BEGIN

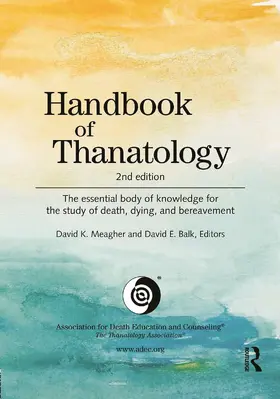 Meagher / Balk |  Handbook of Thanatology | Buch |  Sack Fachmedien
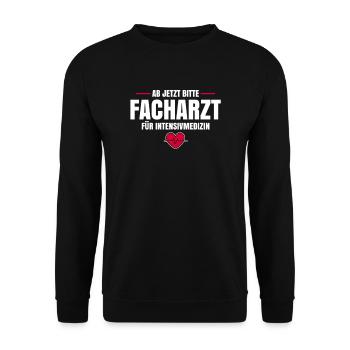 Ab Jetzt Bitte Facharzt Für Intensivmedizin - Unisex Pullover - Schwarz - Vorne - Alina (178cm) & Michal (187cm)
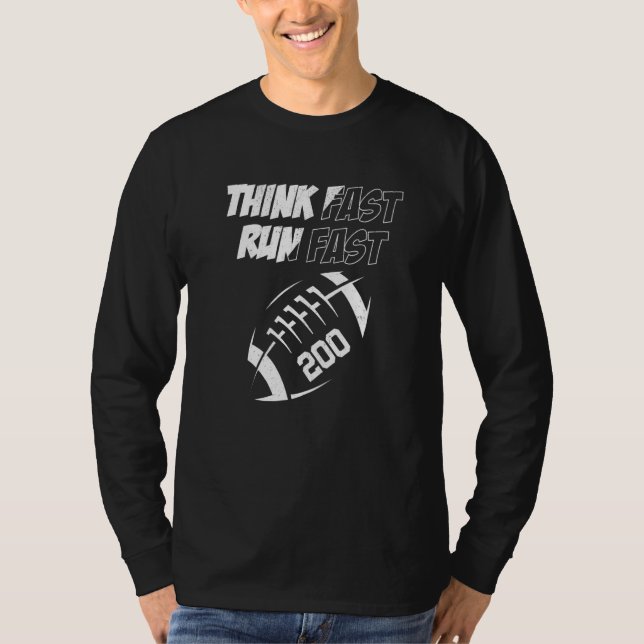 Think Fast Run Fast 200 American Football  Men Wom T-Shirt (Vorderseite)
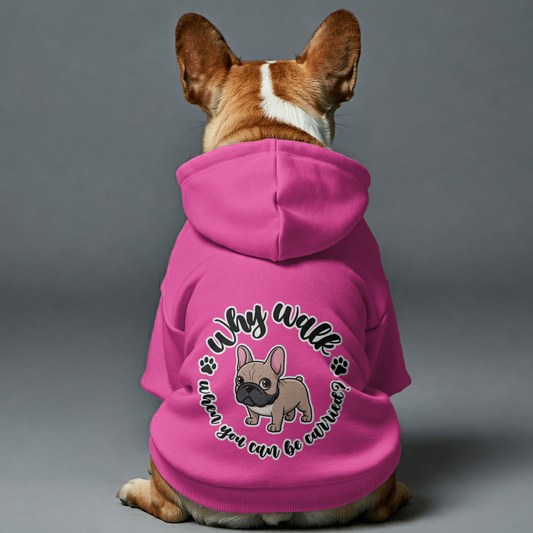 Why walk when you can be carried?  - Personalized French Bulldog Hoodies with Funny Quotes – Stylish, Cozy, and Premium 100% Cotton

END

Write out every line above again exactly, with the pictures left out.

__Task solution__:
 Meagher / Balk |  Handbook of Thanatology | Buch |  Sack Fachmedien
 Ab Jetzt Bitte Facharzt Für Intensivmedizin - Unisex Pullover - Schwarz - Vorne - Alina (178cm) & Michal (187cm)
 Think Fast Run Fast 200 American Football  Men Wom T-Shirt (Vorderseite)
 Why walk when you can be carried?  - Personalized French Bulldog Hoodies with Funny Quotes – Stylish, Cozy, and Premium 100% Cotton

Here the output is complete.